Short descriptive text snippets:
- Opening Delimiter -

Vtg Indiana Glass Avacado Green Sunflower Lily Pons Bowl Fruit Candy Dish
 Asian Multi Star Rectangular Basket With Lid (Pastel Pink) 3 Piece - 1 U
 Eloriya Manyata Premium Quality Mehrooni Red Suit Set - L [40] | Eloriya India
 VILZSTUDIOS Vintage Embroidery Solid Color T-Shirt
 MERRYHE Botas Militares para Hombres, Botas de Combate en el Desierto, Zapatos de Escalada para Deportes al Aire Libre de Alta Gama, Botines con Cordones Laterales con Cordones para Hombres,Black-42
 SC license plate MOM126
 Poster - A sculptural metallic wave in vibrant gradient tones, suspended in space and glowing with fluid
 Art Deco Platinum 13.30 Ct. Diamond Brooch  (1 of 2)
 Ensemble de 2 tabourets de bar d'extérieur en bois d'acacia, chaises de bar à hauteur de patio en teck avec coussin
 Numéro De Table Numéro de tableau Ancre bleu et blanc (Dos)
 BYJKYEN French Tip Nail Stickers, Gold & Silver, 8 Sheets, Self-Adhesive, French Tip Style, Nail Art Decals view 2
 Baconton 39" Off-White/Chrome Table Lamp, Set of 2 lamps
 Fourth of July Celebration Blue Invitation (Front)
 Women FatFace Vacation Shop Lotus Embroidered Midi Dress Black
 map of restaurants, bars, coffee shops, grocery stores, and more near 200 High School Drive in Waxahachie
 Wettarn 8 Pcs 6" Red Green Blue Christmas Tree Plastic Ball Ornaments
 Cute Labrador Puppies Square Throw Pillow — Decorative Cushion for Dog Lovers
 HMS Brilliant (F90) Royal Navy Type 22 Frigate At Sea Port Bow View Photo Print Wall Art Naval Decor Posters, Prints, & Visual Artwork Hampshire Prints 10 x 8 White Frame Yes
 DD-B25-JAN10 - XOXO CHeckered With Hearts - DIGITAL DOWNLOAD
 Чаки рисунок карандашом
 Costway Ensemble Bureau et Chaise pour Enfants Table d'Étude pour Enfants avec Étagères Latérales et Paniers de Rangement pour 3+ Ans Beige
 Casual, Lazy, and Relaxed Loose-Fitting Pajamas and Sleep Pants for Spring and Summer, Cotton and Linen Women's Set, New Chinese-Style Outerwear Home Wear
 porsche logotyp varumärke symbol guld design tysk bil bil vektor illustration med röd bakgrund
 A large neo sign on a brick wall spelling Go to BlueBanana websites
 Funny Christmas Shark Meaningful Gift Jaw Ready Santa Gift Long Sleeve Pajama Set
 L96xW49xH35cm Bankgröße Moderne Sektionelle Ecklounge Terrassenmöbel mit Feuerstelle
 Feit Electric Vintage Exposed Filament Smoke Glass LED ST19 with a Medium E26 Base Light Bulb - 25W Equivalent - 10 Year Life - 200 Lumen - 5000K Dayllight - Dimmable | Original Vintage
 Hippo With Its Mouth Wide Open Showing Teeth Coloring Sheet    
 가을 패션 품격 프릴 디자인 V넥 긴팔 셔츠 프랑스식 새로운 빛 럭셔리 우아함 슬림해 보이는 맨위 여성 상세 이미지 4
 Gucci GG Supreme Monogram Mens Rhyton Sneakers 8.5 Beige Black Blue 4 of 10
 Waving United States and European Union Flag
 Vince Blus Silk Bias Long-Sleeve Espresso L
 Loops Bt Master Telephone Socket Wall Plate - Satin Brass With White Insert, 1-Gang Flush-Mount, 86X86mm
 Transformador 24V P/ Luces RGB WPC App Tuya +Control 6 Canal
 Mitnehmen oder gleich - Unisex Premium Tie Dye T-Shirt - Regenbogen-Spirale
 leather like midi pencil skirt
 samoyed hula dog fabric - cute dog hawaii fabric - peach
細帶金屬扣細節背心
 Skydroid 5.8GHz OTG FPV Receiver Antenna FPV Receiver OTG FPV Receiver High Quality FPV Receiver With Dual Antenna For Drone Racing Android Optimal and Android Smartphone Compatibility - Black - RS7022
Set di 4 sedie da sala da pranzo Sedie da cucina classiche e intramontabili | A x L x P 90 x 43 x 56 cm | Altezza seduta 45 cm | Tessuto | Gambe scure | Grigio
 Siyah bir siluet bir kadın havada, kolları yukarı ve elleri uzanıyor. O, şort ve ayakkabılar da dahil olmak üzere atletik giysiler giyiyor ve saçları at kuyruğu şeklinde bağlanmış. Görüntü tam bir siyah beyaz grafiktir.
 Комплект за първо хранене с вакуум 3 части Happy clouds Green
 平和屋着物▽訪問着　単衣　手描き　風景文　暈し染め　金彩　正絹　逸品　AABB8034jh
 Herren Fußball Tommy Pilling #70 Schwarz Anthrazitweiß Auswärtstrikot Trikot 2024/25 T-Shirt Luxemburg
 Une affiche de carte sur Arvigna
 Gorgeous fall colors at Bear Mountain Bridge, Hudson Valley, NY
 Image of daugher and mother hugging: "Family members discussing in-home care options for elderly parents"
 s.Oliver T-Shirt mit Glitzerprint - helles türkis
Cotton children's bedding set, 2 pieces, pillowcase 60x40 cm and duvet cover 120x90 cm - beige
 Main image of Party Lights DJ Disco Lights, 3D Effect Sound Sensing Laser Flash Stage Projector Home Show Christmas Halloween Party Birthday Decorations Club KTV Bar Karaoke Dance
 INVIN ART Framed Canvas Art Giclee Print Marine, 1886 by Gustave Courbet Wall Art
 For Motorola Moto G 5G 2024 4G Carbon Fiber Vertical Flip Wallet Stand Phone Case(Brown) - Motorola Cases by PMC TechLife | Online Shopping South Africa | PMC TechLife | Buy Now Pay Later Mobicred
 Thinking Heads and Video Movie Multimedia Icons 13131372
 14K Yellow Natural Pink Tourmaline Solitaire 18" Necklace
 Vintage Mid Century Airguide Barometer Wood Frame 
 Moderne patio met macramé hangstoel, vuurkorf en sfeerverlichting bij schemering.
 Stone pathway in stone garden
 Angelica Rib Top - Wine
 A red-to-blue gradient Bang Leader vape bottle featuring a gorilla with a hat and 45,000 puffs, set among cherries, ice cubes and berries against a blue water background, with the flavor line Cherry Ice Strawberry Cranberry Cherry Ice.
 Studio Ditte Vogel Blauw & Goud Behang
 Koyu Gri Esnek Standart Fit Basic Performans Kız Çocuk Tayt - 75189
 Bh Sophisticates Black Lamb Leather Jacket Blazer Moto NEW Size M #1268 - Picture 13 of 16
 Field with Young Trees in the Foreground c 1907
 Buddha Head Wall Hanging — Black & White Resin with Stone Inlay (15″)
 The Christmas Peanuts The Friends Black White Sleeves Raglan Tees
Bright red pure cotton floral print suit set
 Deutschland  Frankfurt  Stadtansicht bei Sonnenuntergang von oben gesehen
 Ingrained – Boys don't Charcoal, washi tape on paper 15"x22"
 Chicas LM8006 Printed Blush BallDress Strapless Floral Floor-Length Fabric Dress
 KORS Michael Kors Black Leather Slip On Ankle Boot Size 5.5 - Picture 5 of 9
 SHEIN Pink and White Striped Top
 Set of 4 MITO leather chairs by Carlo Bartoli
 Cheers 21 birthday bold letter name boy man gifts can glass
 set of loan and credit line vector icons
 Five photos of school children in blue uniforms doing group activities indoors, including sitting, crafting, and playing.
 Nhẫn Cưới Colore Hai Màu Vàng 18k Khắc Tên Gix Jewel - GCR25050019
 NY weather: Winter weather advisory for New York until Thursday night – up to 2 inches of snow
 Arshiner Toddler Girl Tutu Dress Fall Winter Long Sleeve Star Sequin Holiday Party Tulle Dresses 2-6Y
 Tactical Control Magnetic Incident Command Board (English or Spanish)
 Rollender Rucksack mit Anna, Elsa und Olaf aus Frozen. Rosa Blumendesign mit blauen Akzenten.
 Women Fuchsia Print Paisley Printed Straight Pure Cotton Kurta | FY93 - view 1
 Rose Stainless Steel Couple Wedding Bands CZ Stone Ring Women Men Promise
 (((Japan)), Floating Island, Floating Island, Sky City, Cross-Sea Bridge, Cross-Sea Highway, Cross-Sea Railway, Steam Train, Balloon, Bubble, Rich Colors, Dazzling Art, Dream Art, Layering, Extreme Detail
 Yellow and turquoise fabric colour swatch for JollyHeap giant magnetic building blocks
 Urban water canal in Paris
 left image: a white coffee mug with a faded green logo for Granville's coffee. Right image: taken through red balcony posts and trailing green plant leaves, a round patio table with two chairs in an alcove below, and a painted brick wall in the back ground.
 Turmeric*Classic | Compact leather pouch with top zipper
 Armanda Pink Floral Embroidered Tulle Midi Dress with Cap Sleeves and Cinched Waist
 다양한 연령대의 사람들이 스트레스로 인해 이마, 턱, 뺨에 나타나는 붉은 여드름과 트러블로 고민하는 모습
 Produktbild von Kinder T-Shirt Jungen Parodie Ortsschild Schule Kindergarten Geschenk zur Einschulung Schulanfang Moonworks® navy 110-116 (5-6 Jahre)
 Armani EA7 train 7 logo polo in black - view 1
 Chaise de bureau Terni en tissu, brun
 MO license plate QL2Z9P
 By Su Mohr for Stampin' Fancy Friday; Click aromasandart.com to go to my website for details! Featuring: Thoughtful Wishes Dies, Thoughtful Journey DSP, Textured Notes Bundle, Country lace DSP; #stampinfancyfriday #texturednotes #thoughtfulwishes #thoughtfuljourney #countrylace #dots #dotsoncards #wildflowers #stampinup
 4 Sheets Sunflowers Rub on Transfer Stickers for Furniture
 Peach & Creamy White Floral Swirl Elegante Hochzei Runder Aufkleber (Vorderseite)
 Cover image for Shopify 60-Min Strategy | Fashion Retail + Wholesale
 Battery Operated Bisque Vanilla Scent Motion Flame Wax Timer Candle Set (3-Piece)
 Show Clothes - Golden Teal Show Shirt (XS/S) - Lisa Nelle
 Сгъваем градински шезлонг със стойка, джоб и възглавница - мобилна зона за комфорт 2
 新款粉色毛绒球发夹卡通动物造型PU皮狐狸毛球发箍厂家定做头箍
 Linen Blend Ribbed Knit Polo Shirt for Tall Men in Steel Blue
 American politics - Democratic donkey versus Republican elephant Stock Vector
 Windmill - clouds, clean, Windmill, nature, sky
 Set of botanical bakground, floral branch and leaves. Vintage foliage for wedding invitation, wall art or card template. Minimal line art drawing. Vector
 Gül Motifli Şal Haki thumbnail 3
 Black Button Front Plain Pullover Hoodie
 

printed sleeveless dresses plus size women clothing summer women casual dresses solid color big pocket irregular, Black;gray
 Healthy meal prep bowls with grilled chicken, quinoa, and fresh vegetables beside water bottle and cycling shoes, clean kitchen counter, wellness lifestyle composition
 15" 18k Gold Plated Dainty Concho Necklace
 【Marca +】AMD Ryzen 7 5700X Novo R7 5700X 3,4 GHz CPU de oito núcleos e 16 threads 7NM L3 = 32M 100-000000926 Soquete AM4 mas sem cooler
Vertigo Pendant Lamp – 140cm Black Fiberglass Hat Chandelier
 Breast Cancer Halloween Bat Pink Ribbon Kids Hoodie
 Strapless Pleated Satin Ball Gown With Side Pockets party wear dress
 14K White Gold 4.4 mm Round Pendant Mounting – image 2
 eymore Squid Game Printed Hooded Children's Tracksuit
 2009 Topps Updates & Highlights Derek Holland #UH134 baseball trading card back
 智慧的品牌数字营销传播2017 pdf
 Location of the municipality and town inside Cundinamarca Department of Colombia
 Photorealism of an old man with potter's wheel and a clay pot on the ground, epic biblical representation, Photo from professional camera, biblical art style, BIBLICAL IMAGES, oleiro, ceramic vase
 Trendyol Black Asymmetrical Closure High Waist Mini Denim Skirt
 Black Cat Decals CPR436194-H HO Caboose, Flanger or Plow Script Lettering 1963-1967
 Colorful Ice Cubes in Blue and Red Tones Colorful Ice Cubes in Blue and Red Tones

- Closing Delimiter -

Your goal: From the records above, extract exactly and only the lines that begin at the line with "L96xW49xH35cm Bankgröße Moderne" and stop after the line with "가을 패션 품격 프릴".

Solution:
 L96xW49xH35cm Bankgröße Moderne Sektionelle Ecklounge Terrassenmöbel mit Feuerstelle
 Feit Electric Vintage Exposed Filament Smoke Glass LED ST19 with a Medium E26 Base Light Bulb - 25W Equivalent - 10 Year Life - 200 Lumen - 5000K Dayllight - Dimmable | Original Vintage
 Hippo With Its Mouth Wide Open Showing Teeth Coloring Sheet    
 가을 패션 품격 프릴 디자인 V넥 긴팔 셔츠 프랑스식 새로운 빛 럭셔리 우아함 슬림해 보이는 맨위 여성 상세 이미지 4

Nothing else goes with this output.